Short web captions
___
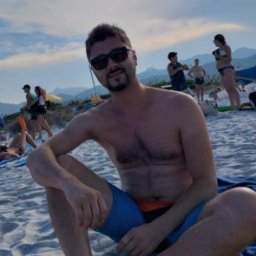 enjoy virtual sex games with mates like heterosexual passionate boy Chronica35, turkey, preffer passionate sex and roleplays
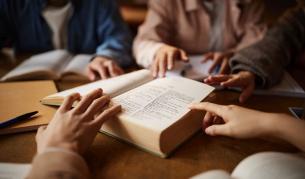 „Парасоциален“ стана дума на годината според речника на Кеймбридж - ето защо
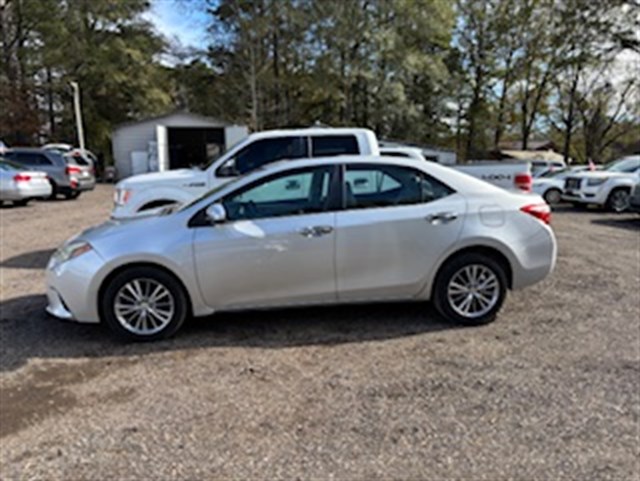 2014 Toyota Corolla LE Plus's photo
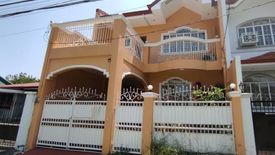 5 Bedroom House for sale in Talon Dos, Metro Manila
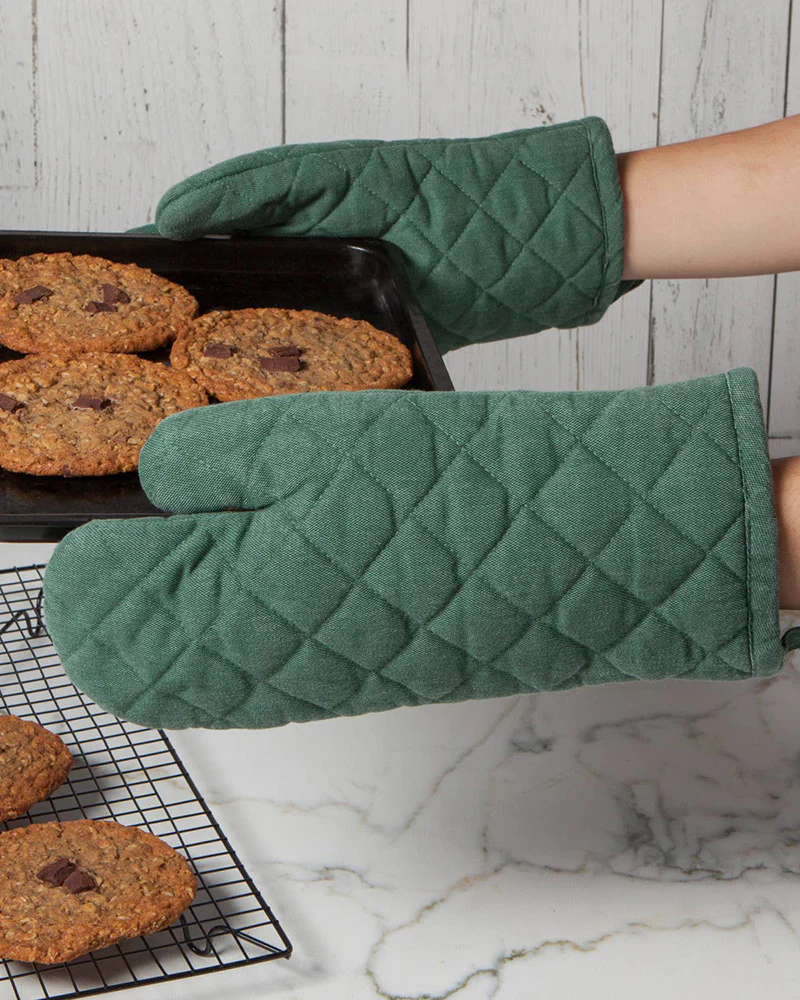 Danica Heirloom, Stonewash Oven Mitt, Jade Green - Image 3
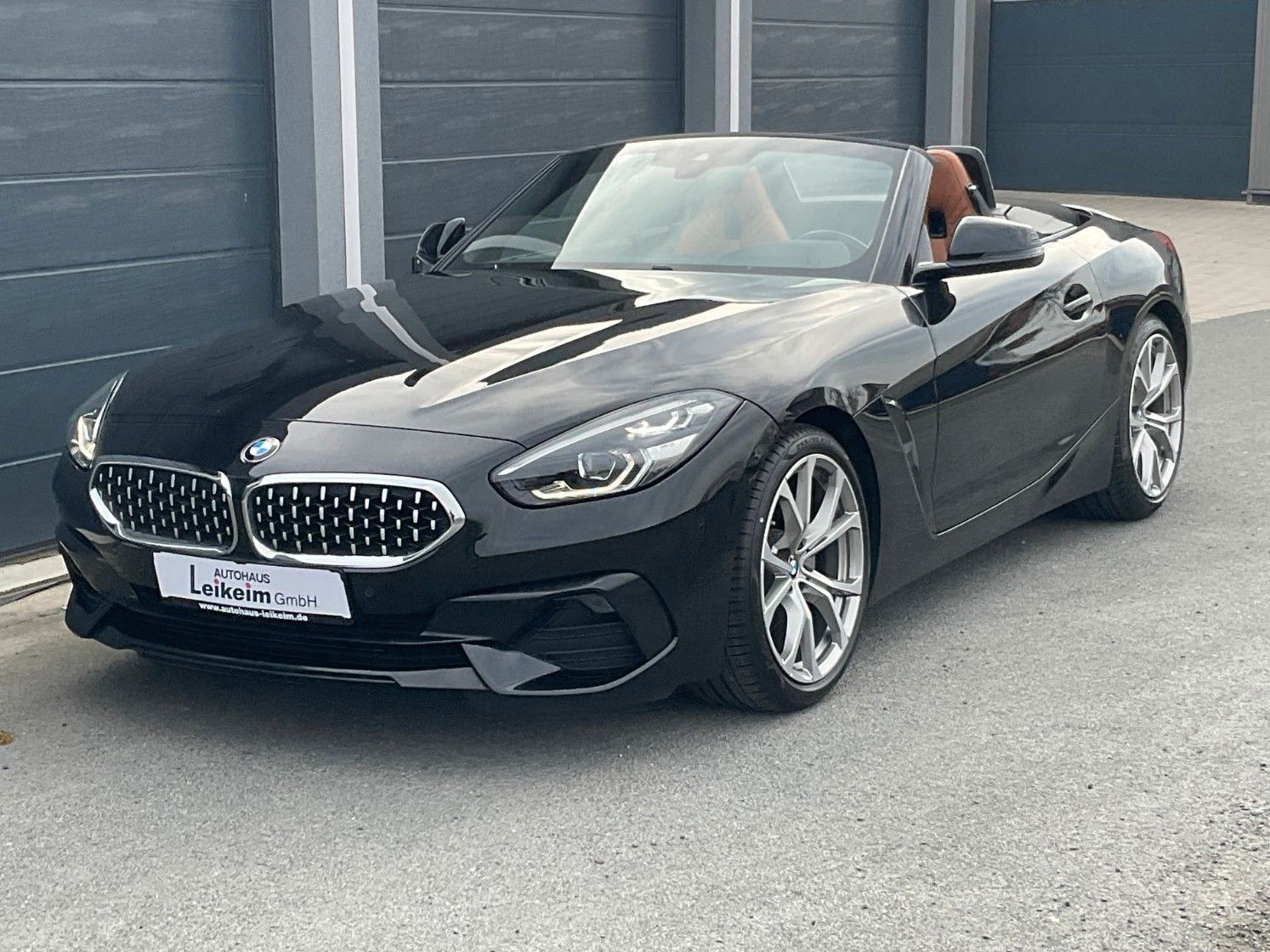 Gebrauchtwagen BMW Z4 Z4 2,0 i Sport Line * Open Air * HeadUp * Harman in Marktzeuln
___
__Problem details__: Exact output of each line above is wanted, without the pictures.

__Result below__:
 enjoy virtual sex games with mates like heterosexual passionate boy Chronica35, turkey, preffer passionate sex and roleplays
 „Парасоциален“ стана дума на годината според речника на Кеймбридж - ето защо
 2014 Toyota Corolla LE Plus's photo
 5 Bedroom House for sale in Talon Dos, Metro Manila
 Danica Heirloom, Stonewash Oven Mitt, Jade Green - Image 3
 Gebrauchtwagen BMW Z4 Z4 2,0 i Sport Line * Open Air * HeadUp * Harman in Marktzeuln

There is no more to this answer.